GOAL OF THE EXERCISE -> Pictures in the entries below are to be left out; otherwise, reproduce exactly the lines from the first through the line containing "舔指15次 NANET EVANOVICH FINGER FICKIN FIFTEEN".

EXTRACTED RECORDS: Begin

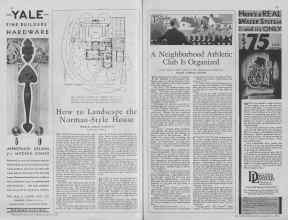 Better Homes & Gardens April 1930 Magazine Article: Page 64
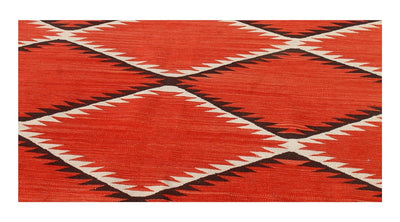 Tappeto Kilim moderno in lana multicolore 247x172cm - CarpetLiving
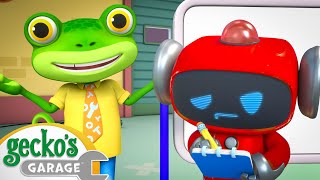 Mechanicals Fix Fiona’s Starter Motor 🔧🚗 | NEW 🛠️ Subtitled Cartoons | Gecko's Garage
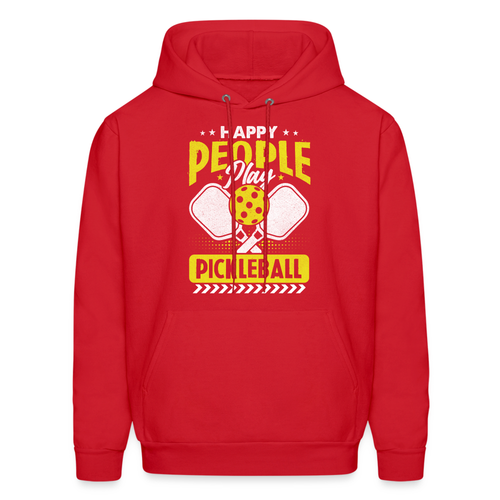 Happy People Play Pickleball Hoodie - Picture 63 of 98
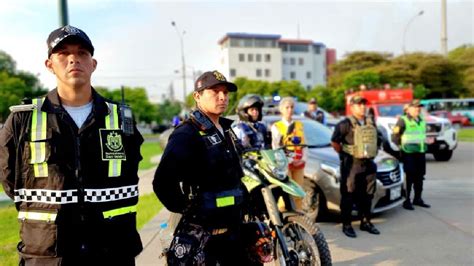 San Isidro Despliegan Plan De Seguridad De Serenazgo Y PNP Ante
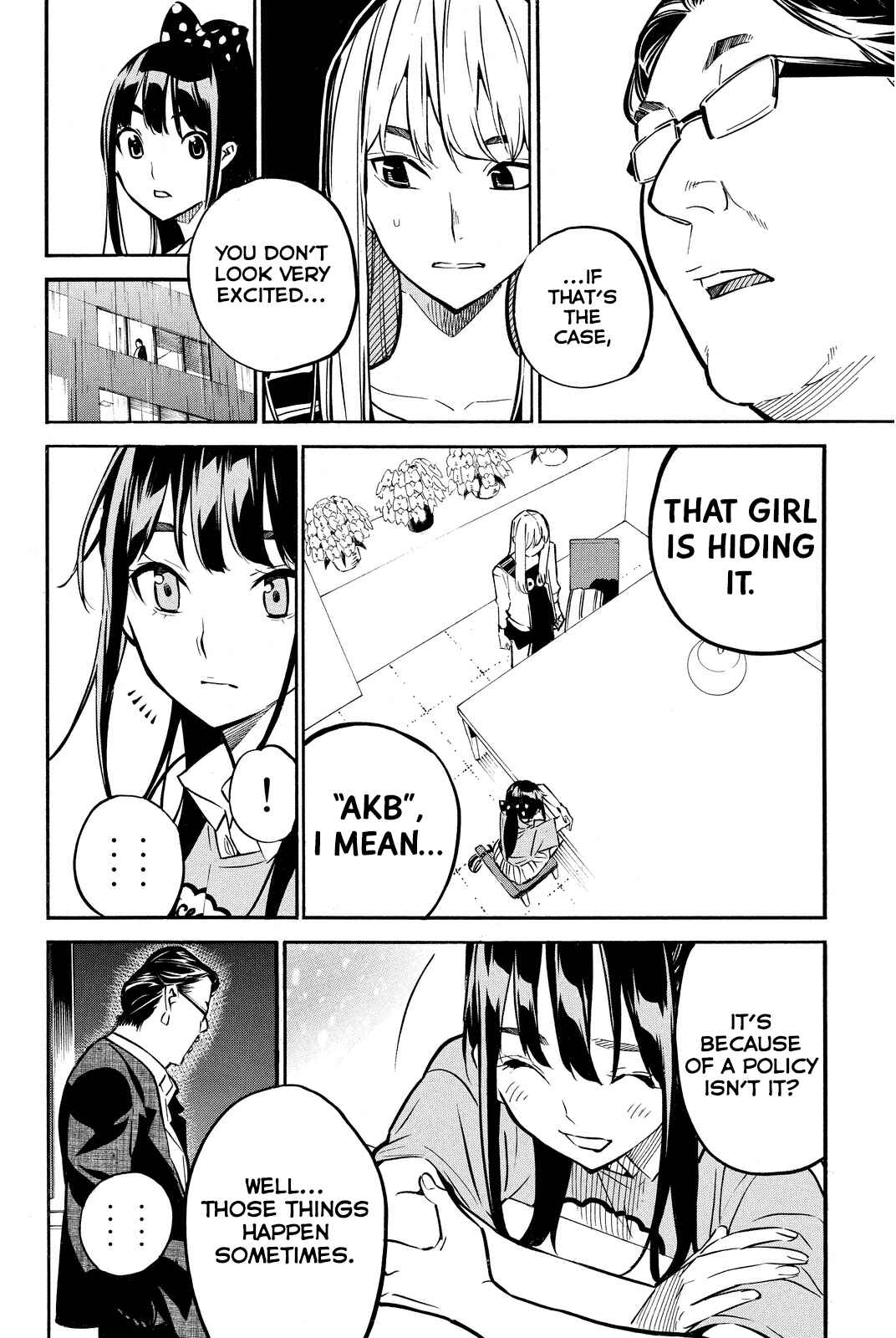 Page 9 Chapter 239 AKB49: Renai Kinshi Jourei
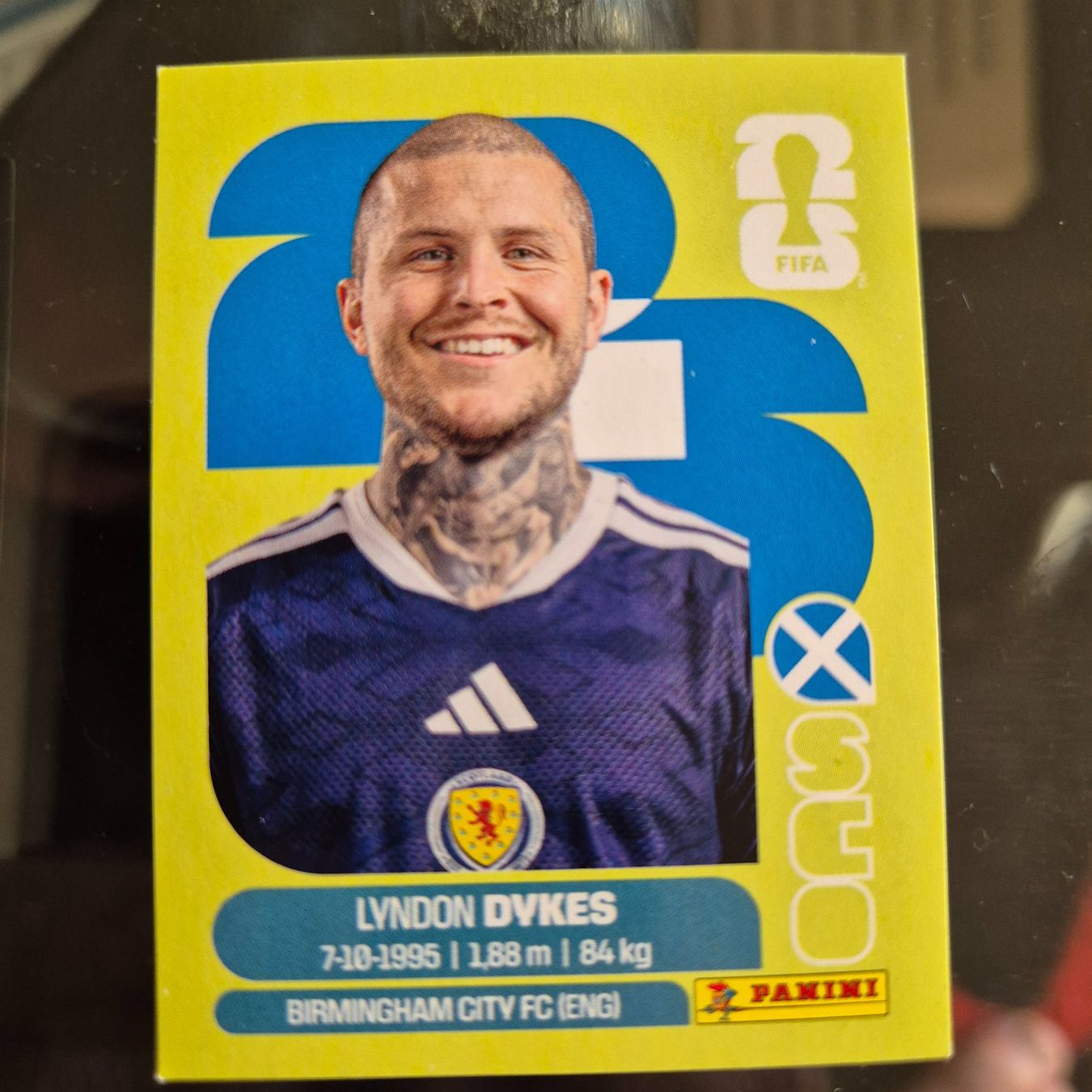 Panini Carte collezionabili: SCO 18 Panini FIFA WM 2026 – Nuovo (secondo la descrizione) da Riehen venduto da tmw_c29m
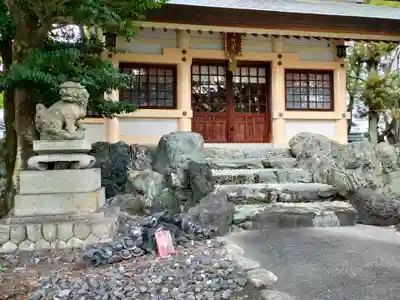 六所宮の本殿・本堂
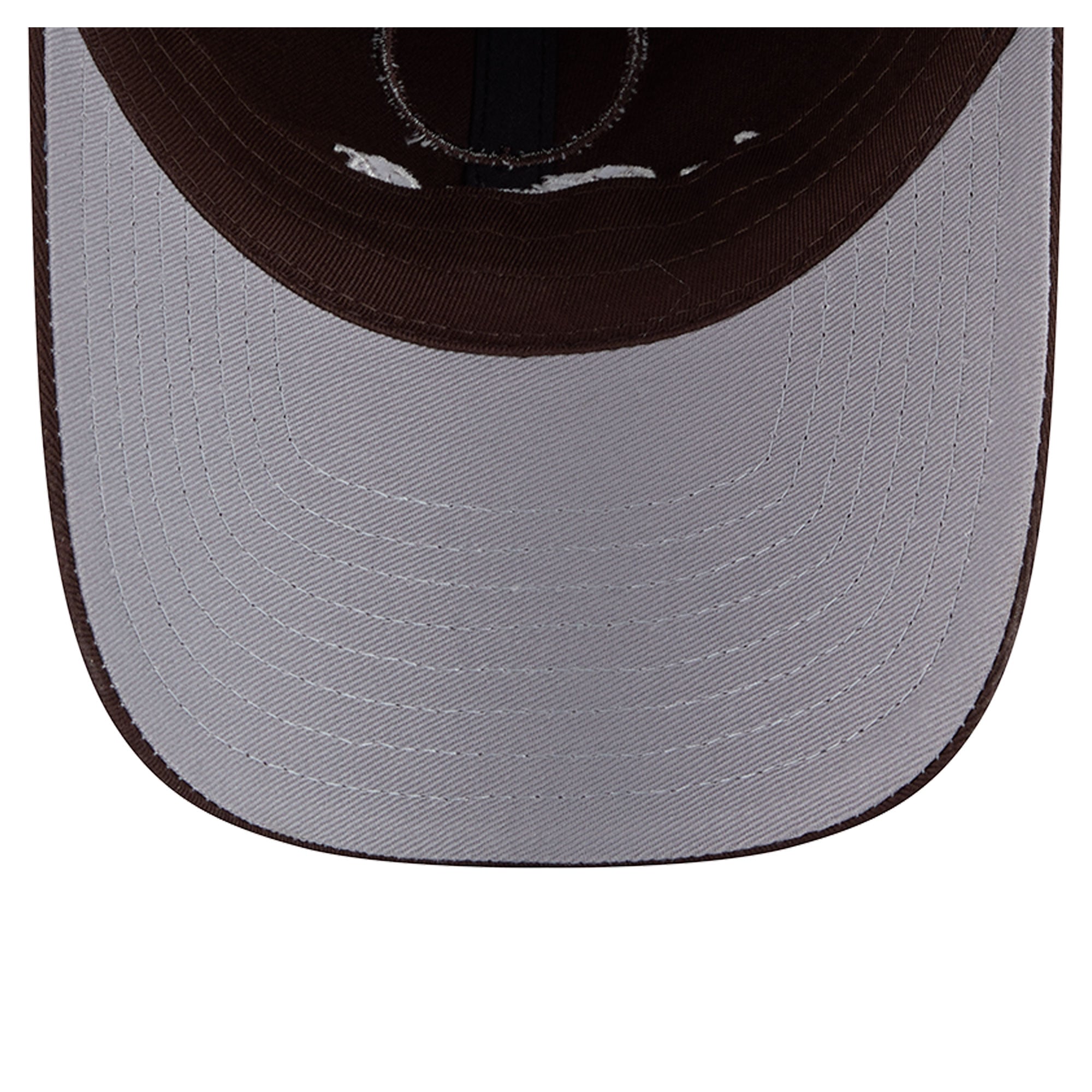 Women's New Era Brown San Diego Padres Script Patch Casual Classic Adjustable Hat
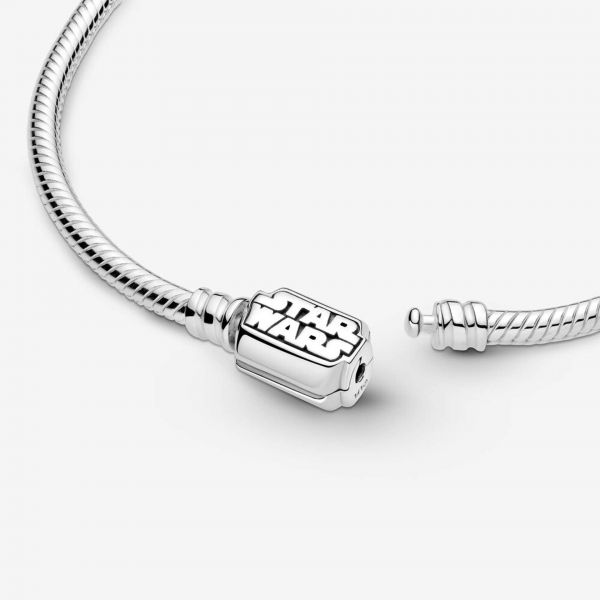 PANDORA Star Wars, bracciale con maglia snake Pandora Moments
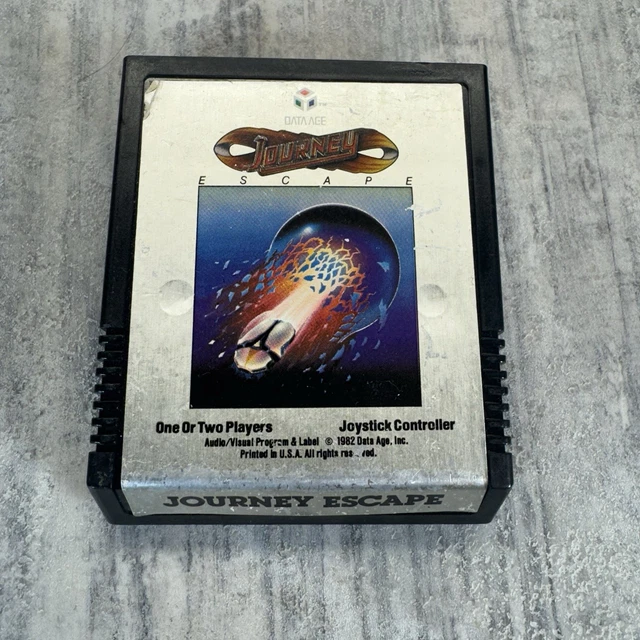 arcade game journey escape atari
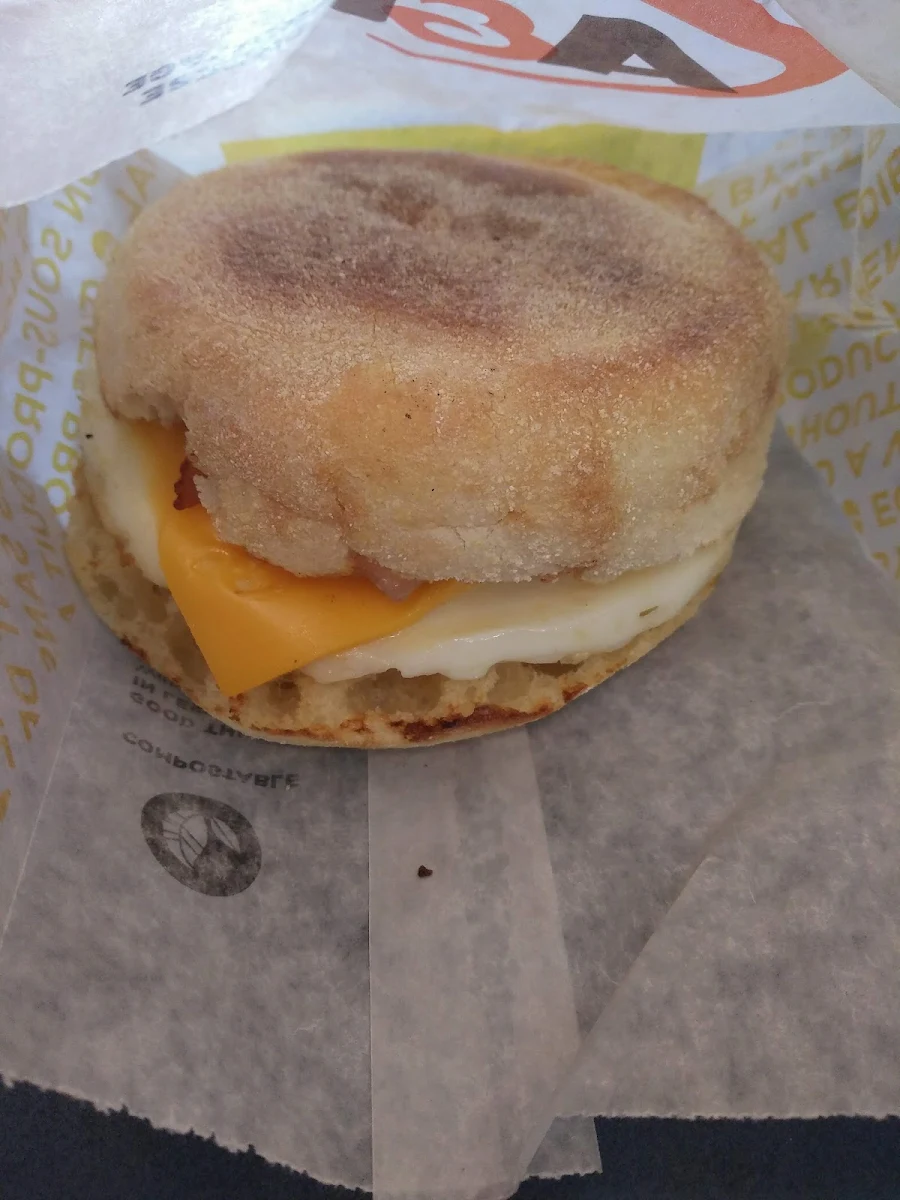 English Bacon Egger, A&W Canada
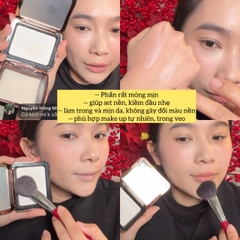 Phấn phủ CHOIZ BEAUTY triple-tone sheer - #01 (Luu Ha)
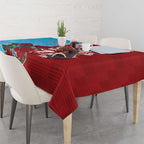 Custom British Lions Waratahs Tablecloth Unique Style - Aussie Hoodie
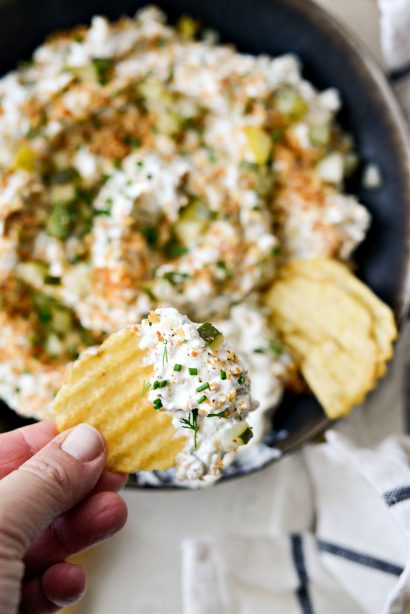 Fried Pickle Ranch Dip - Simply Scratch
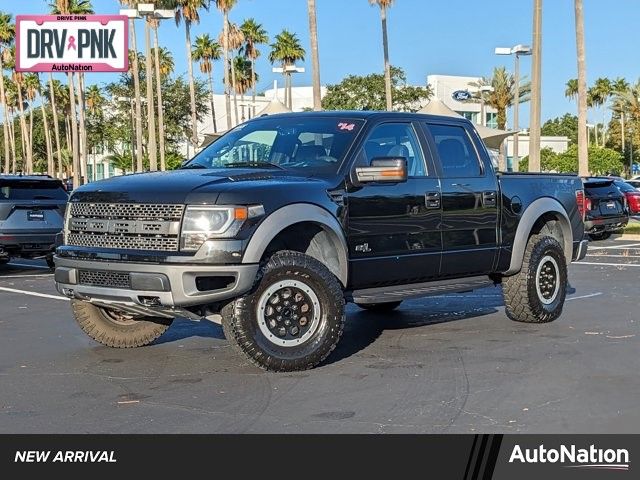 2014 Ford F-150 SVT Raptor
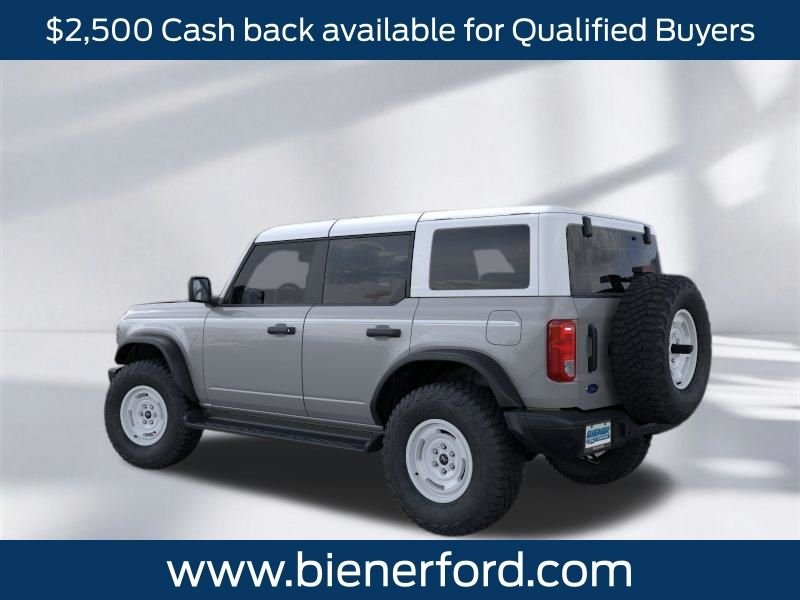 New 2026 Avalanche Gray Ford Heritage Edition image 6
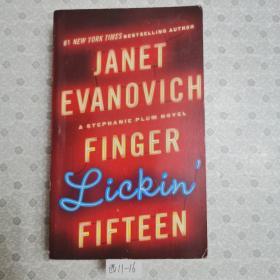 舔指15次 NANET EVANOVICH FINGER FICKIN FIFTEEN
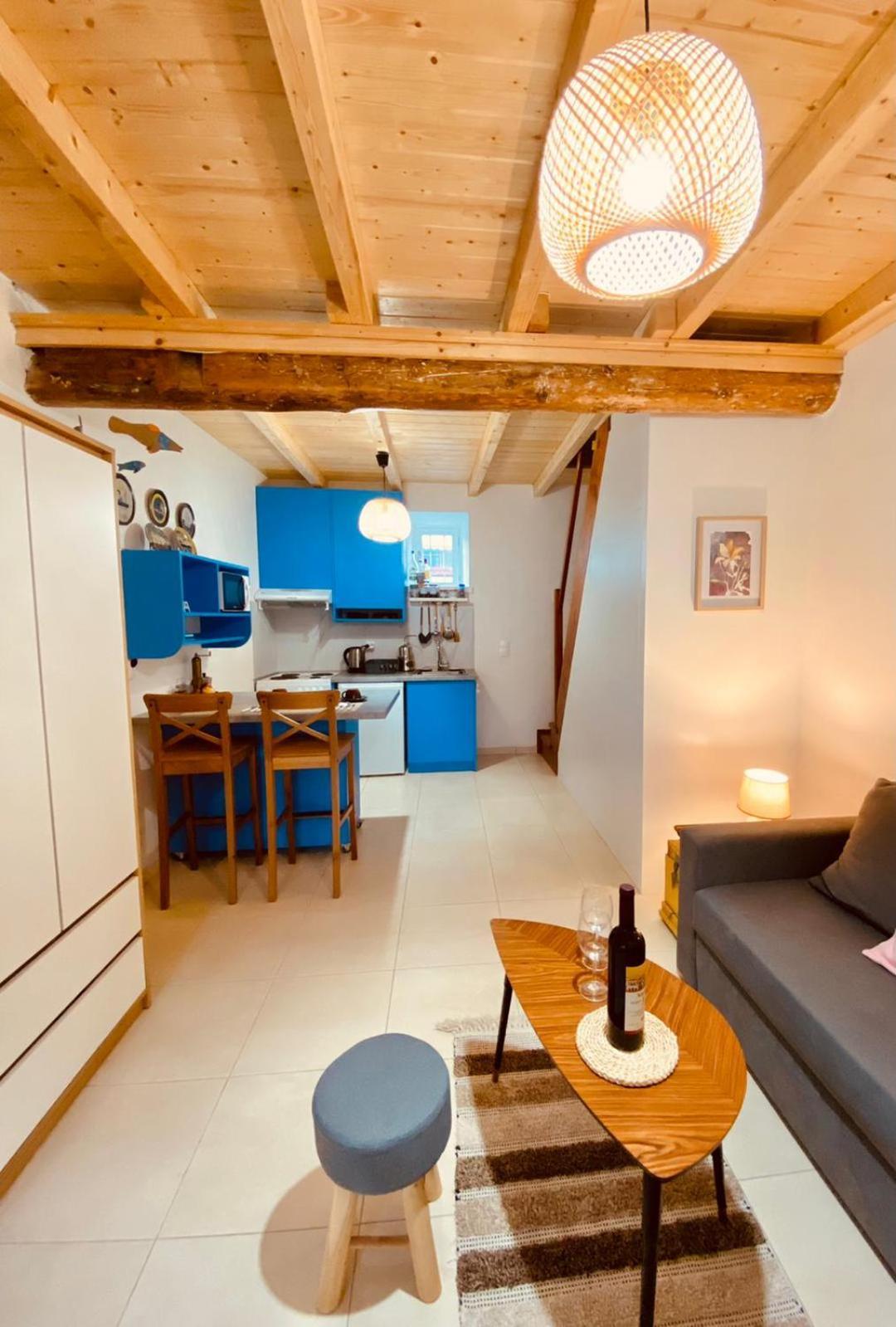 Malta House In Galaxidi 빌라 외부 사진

EXTRACTED RECORDS: End

ANSWER TO THE PROBLEM ->
 Better Homes & Gardens April 1930 Magazine Article: Page 64
 Tappeto Kilim moderno in lana multicolore 247x172cm - CarpetLiving
 Mechanicals Fix Fiona’s Starter Motor 🔧🚗 | NEW 🛠️ Subtitled Cartoons | Gecko's Garage
 Happy People Play Pickleball Hoodie - Picture 63 of 98
 San Isidro Despliegan Plan De Seguridad De Serenazgo Y PNP Ante
 Page 9 Chapter 239 AKB49: Renai Kinshi Jourei
 Panini Carte collezionabili: SCO 18 Panini FIFA WM 2026 – Nuovo (secondo la descrizione) da Riehen venduto da tmw_c29m
 六所宮の本殿・本堂
 Women's New Era Brown San Diego Padres Script Patch Casual Classic Adjustable Hat
 PANDORA Star Wars, bracciale con maglia snake Pandora Moments
 arcade game journey escape atari
 English Bacon Egger, A&W Canada
 Phấn phủ CHOIZ BEAUTY triple-tone sheer - #01 (Luu Ha)
 Custom British Lions Waratahs Tablecloth Unique Style - Aussie Hoodie
 Fried Pickle Ranch Dip - Simply Scratch
 2014 Ford F-150 SVT Raptor
 New 2026 Avalanche Gray Ford Heritage Edition image 6
 舔指15次 NANET EVANOVICH FINGER FICKIN FIFTEEN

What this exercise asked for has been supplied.